Using the ZMQ work manager works well. The MPI work manager should also work well, though is untested. Both of these handle starting new workers in a more efficient way, without copying the full state of the parent.

Continuing a failed run

The restarting plugin has a few different things it expects to find when it runs. Crashes during the WE run should not affect this. However, if the plugin itself crashes while running, these may be left in a weird state.

If the plugin crashes while running, make sure:

restart.dat contains the correct entries. restarts_completed is the number of restarts successfully completed, and same for runs_completed within that restart.
restart_initialization.json is pointing to the correct restart

It may help to w_truncate the very last iteration and allow WESTPA to re-do it.

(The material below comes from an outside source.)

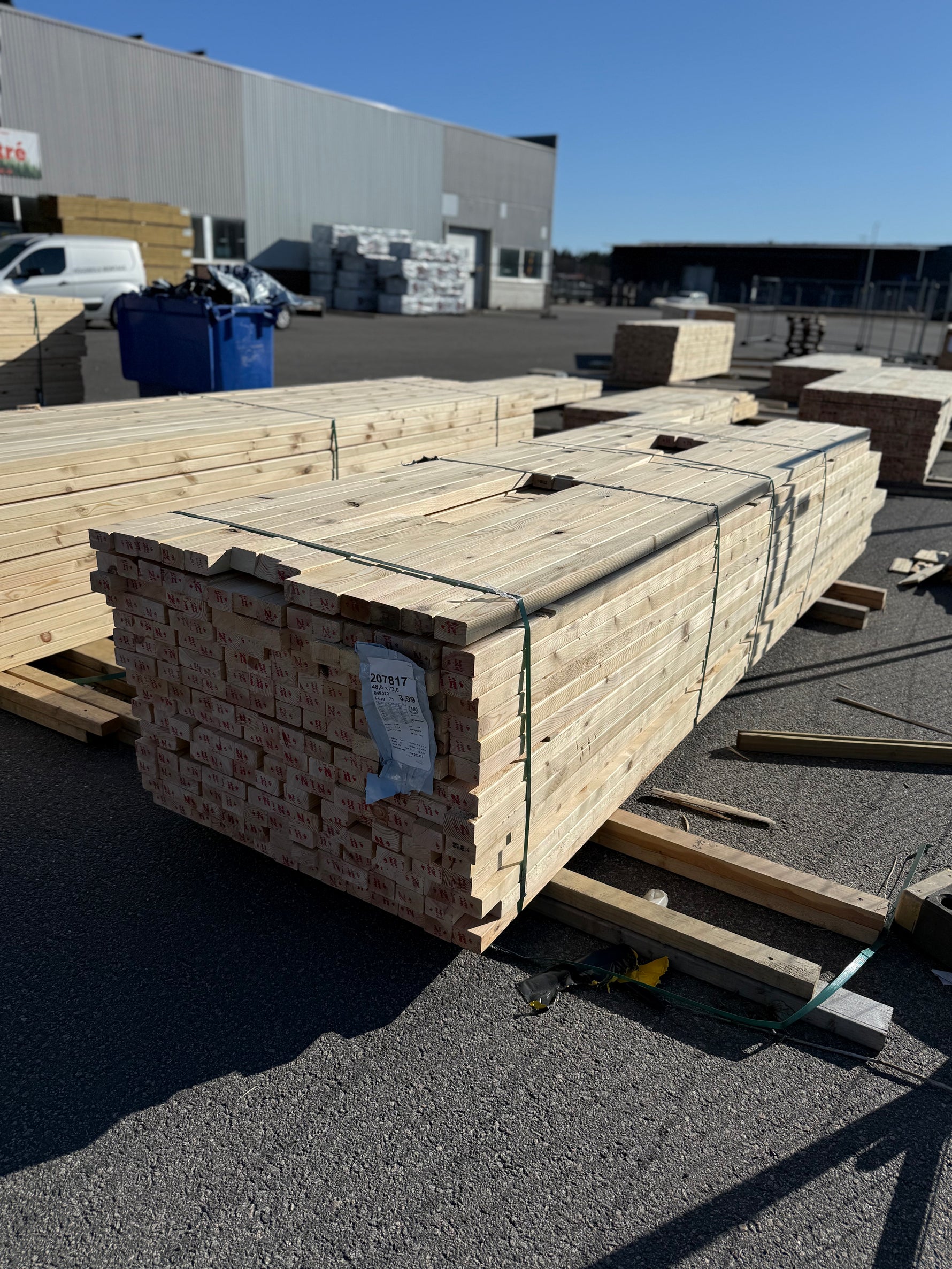Paket Reglar 48x73 mm – 204 st (furu)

Potential Pitfalls/Troubleshooting

Basis state calculation may take a LONG time with a large number of start-states. A simple RMSD calculation using cpptraj and 500,000 start-states took over 6 hours. Reducing the number of runs used through n_restarts_to_use will ameliorate this.
If restart_driver.prepare_coordinates() has written a coordinate for an iteration, subsequent runs will NOT overwrite it, and will skip it.
In general: verify that msm_we is installed
Verify that restart_initialization.json has been correctly set
This plugin does not yet attempt to resolve environment variables in the config, so things like say, $WEST_SIM_ROOT, will be interpreted literally in paths

References

[1] Suárez, E., Adelman, J. L. & Zuckerman, D. M. Accurate Estimation of Protein Folding and Unfolding Times: Beyond Markov State Models. J Chem Theory Comput 12, 3473–3481 (2016).

[2] Copperman, J. & Zuckerman, D. M. Accelerated Estimation of Long-Timescale Kinetics from Weighted Ensemble Simulation via Non-Markovian “Microbin” Analysis. J Chem Theory Comput 16, 6763–6775 (2020).